Me prometí que en febrero tocaba color, que basta de artículos deprimentes porque mi vida no es deprimente. Tengo un trabajo ambicioso. Tengo una familia que me quiere. Unos amigos maravillosos. Y aquí me encuentro escribiendo otro artículo en blanco y negro con otro texto un poco intenso.
Así que lo he tirado a la basura. Basta de artículos infelices. Hablemos de algo feliz. Hablemos de Aziza. Nos conocimos hace tres años cuando yo andaba en un proyecto de fotografía de baile por la calle. Me ofreció paciencia cuando no sabía lo que estaba haciendo. Me regaló grandes fotos en la Gran Vía y la Puerta de Alcalá. Es de esas personas que parece que saben mejor que tú donde están tu límites.
Se fue a Barcelona hace dos años. Y volvió con una idea en la cabeza y un traje a medida en la mochila. Una idea que quería hacer conmigo. No sé cómo transmitiros el sentimiento de que una persona se mude, estéis meses o años sin veros y vuelva con un proyecto que quiere plasmar contigo y sólo contigo.

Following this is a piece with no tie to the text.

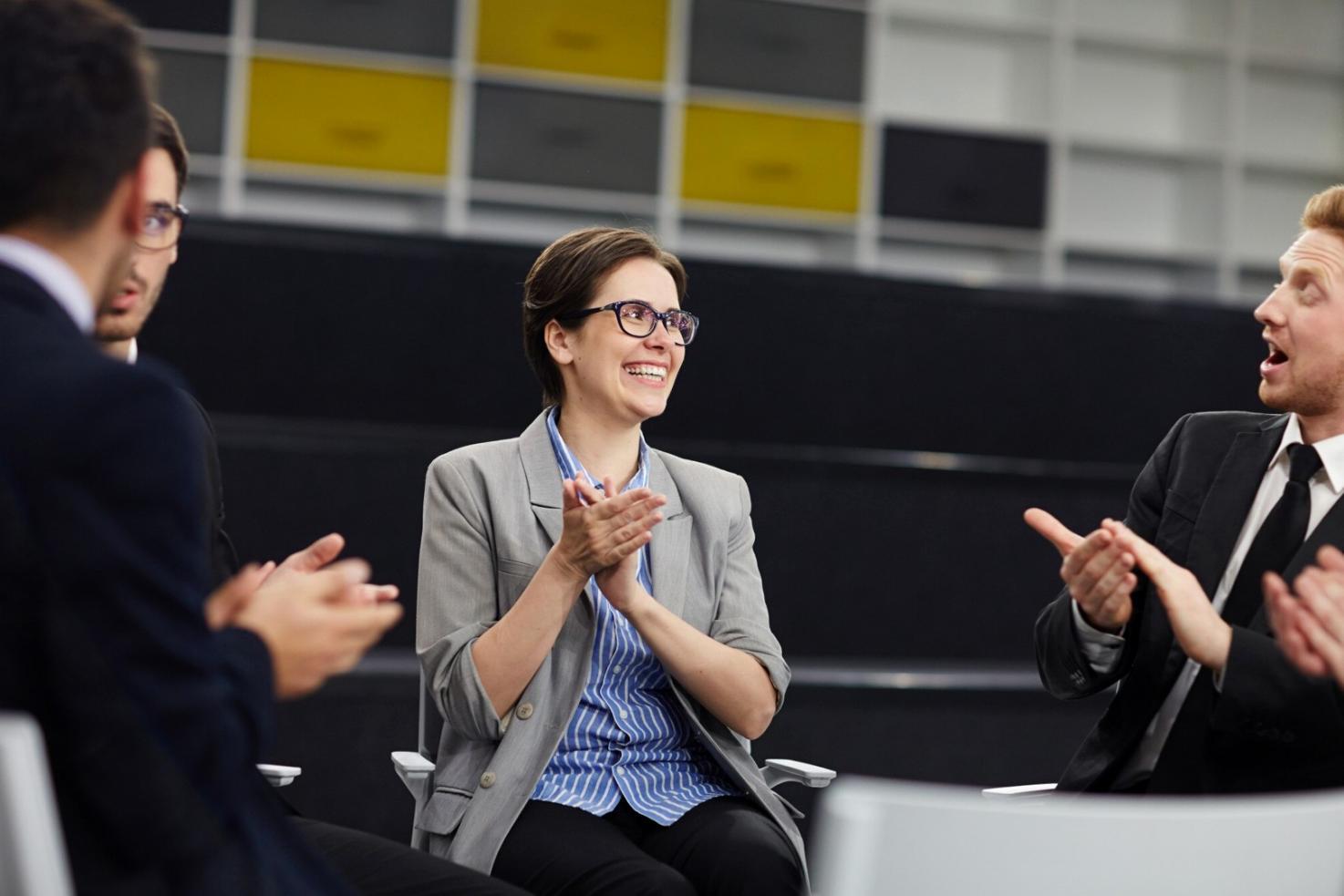 Praktische Anwendung von Finanzmodellen in der Realität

No sé como transmitiros el vértigo de darle a alguien una parte de ti y que siempre te devuelvan una parte suya aún mayor. Da vértigo porque siempre he vivido creyendo que la vida equilibra. Un equilibrio donde el balance está basado en tanto doy, tanto recibo.
Y resulta que no. Que es totalmente infundado. No existe ese equilibrio, porque todo lo que doy me vuelve siempre multiplicado con creces.